What's with this market?

The Real Estate market has taken a real hit over the past eighteen months. Many financial institutions have either gone out of business or stopped doing what is called "sub-prime" loans.


A "sub-prime" loan is a loan that was made (at a higher interest rate) to a buyer that could not qualify for a conventional, FHA or VA approved loans. Either their income was not verifiable, their income was marginal, they had a less than perfect credit history, or for some other reason they wouldn't qualify.


Too many borrowers took a "Teaser" loan where the interest rate started at a much lower than market level interest rate, and in two to three years would be adjusted upwards, often at a higher than market level to make up for the deficiency in interest paid or have the deficiency added to the end of the loan where you would pay interest on interest. Unfortunately most could only qualify for the teaser rate and planned to sell or refinance before the new interest rate took affect.
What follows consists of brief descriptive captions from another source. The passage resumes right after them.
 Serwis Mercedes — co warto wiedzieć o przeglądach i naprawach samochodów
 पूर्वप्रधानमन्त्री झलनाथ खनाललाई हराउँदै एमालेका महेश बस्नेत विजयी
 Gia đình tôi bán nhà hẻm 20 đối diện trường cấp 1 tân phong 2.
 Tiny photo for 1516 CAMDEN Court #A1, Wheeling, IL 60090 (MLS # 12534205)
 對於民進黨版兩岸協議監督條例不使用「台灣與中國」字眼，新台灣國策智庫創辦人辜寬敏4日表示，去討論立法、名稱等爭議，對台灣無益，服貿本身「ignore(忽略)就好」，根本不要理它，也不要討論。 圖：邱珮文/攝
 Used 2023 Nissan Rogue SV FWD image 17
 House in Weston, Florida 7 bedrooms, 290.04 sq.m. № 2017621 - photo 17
Several borrowers also took an "ARM" (Adjustable Rate Mortgage) where they hoped that their income would be increased, they would sell before the increase occurred, or the interest rate and thus their payment would only rise a little bit.


To every one's shock, dismay and frustration none of these things happened. Interest rates went up higher than they hoped, they didn't get a pay raise, the appraised value of their home dropped to less than they paid and even borrowed, or they couldn't sell and are now have a home they cannot afford to make the payments on.


So what to do?


I just attended a California Association or Realtors (CAR) class on Foreclosures and Short Sales. I heard a discussion that was headed by Robert A Kleinhenz, Ph.D., Deputy Chief Economist for CAR. Basically he advised that if you bought your home before 2005 to hold unto it, make your payments and the market will rebound. But if you have to sell, price it to sell.


I'll discuss this and other topics in later postings.


According to most economists we are near the bottom of the market fallout. Though Coalinga was hit fairly hard, it is not as bad as some areas of the San Joaquin Valley. (According to CAR, Sacramento is the worst in the nation.)


Most of economists expect the market to start rebounding, albeit slowly, and by mid to late 2009, the slump to be nearly over. This does not mean it will be back to the pre-2007 levels, but that the housing market should start to see an increase in market value.